The radius ratio 𝜂 has a significant effect on the divergent channel flow velocity profile and the Jeffery-Hamel flow velocity profile over the physical domain. At 𝜂 = 100, the maximum velocity for divergent channel flow is 3.307 and the maximum velocity for Jeffery-Hamel flow is 2.414. At 𝜂 = 20, the maximum velocity for divergent channel flow is 0.661 and the maximum velocity for Jeffery-Hamel flow is 0.483.

When the radius ratio 𝜂 decreases, the velocity profile also decreases for both divergent channel flow and Jeffery–Hamel flow. At 𝜂 the Diverging Channel streamlines are slightly interchanged with the Jeffery-Hamel streamlines.

Figure 4.1: Effect of 𝛼 on velocity profile at 𝜂 = 100

Summary of the Major Outcome

In the finite domain, the Jeffery-Hamel flow has a sequence of pitchfork bifurcations in the limit of ​​𝑅𝑒 ≫ 1 and 𝛼 ≪ 1. The following can be put forward to the further works as follow-ups of the present research as. So this consideration can be extended to three-dimensional dimensional analysis to investigate the effects of different parameters.

7] Rosenhead, L., (1940), The Steady Two-dimensional Radial Flow of Viscous Fluid between Two Inclined Plane Walls, Proceedings of the Royal Society of London, vol. E., (1962), Laminêre vloei in simmetriese kanale met effens geboë mure, I: On the Jeffery-Hamel Solutions for Flow between Plane Walls, Proceeding of the Royal Society of London, vol. 11] Goldshitik, M., Hussain, F., en Shtern, V., (1991), Symmetry Breaking in Vortex-sources and Jeffery-Hamel Flows, Journal of Fluid Mechanics, vol.

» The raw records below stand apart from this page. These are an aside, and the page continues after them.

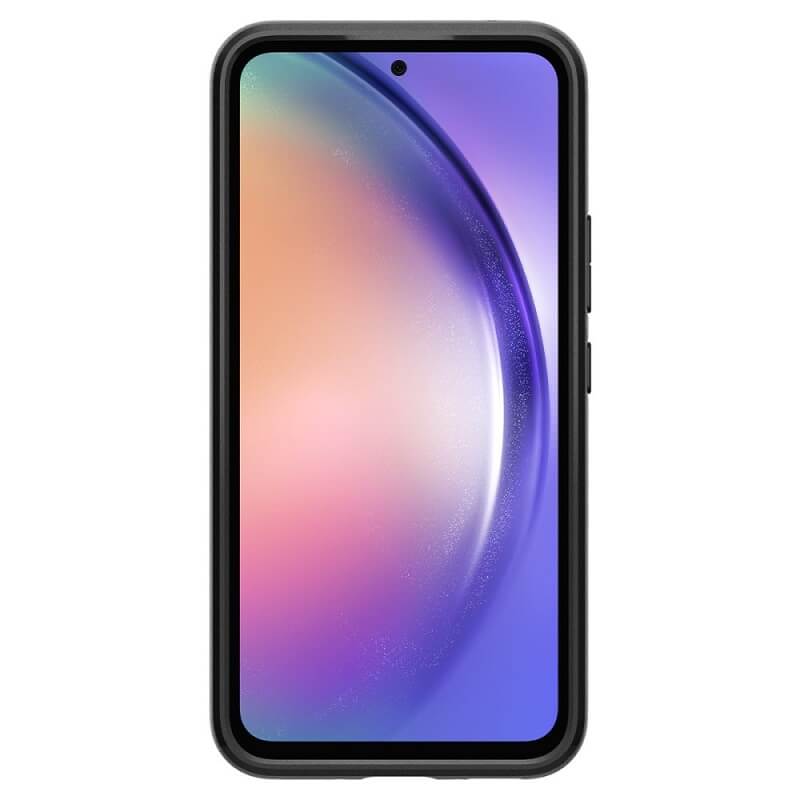 Калъф с Камерен Предпазител за Samsung A54, Spigen Optik Armor Case, Черен (4)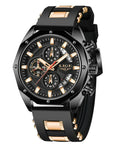 Luxury Silicone Sport Chronograph Watch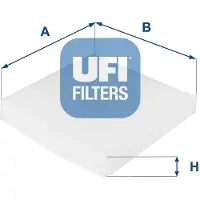Ufi 53.210.00 Interieurfilter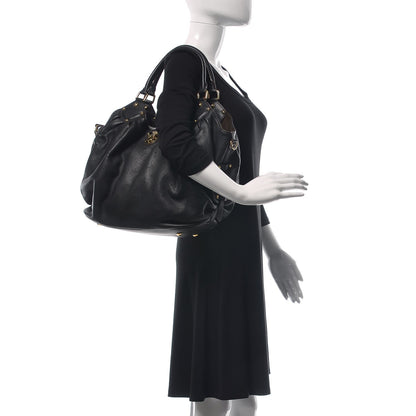 Louis Vuitton Mahina L Black 3 of 8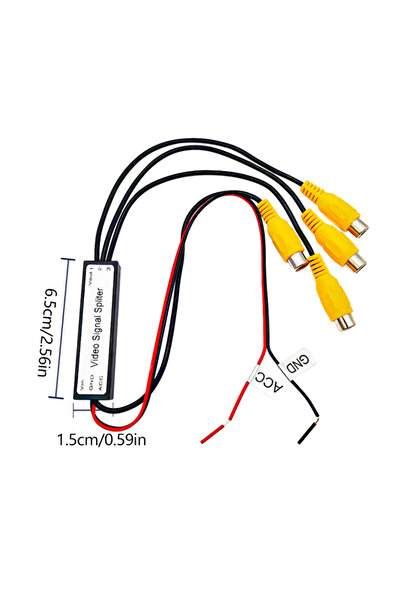 Choice onesize CVBS & AHD720P Video Signal Splitter 1 To 3 Output Video Boost...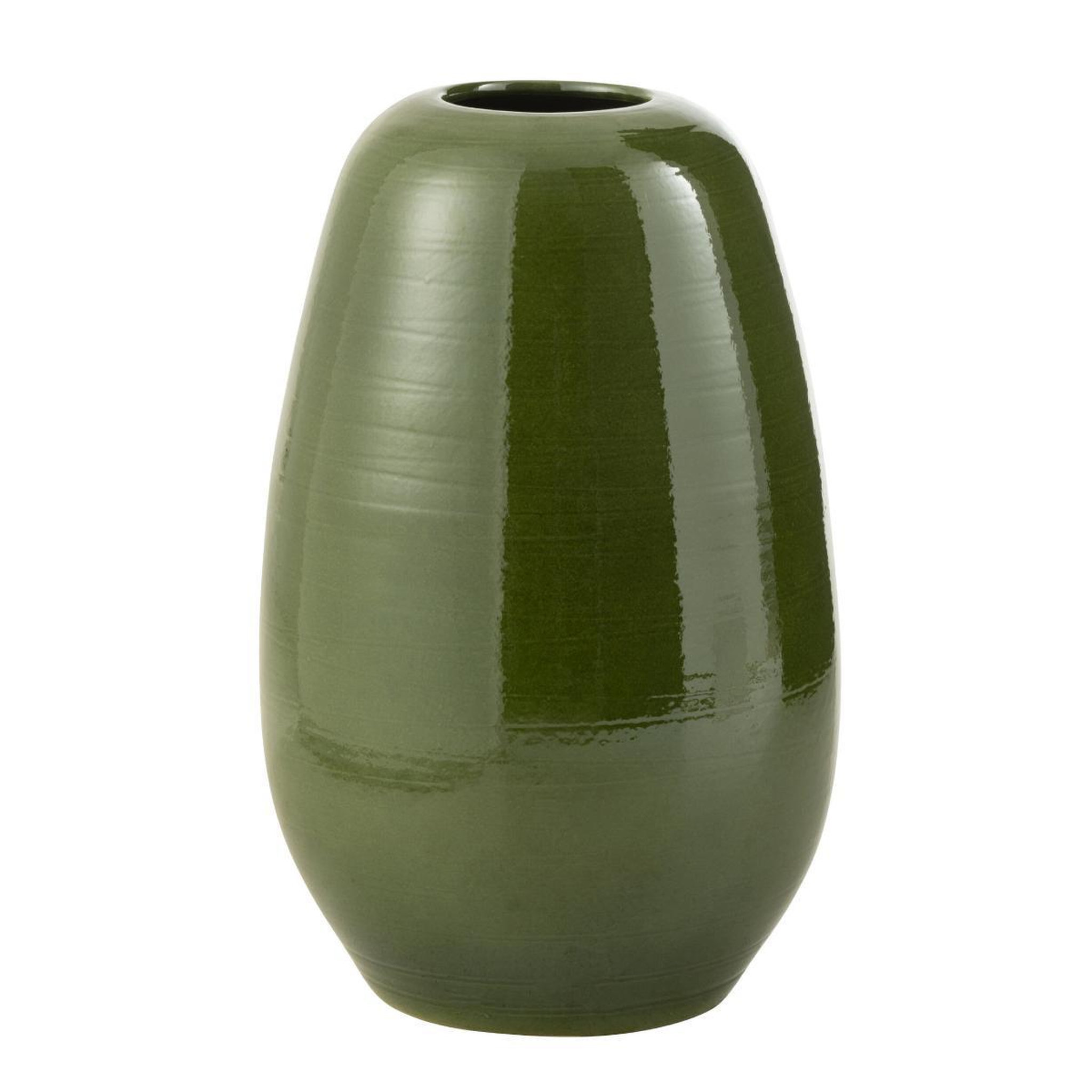 J-LINE Vase design en porcelaine  lola  55cm vert
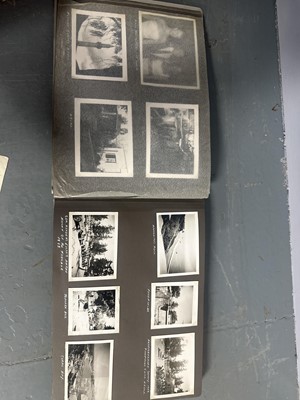 Lot 505 - Military interest, 1950s  photograph album and other items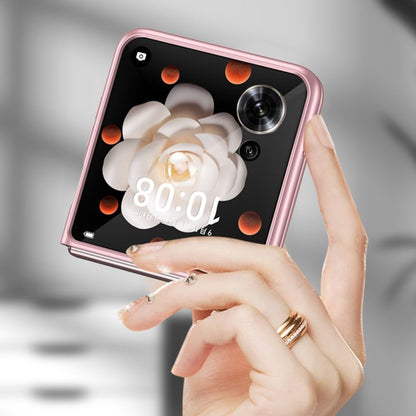 For Honor Magic V Flip GKK Ultra-thin Full Coverage Phone Case(Pink) - Honor Cases by GKK | Online Shopping UK | buy2fix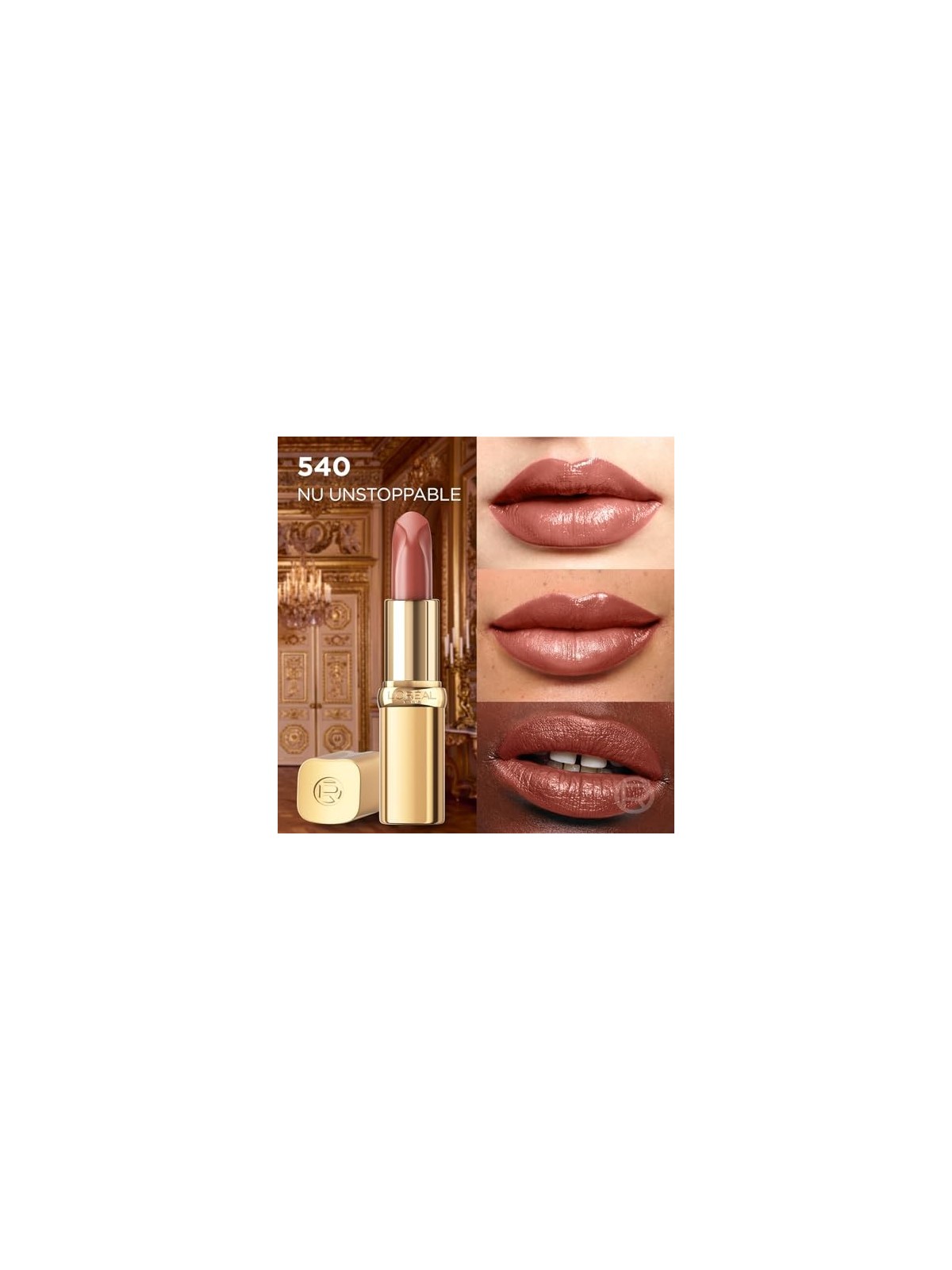L'Orï¿½ï¿½al Color Riche Free the Nudes Rossetto cremoso idratante 540 Nu Unstoppable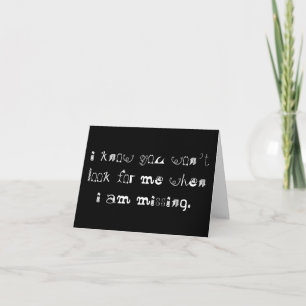 carte anti-amour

15] Putkaradze, V., and Vorobieff, P., (2006), Instabilities, bifurcations and multiple solutions in expanding channel flows, Physical Review Letters, vol. R., (1996), Nonlinear development of flow in channels with nonparallel walls, Journal of Fluid Mechanics, vol. L., (2011), The Jeffery Hamel Similarity Solution and its Relation to Flow in a Diverging Channel, Journal of Fluid Mechanics, vol.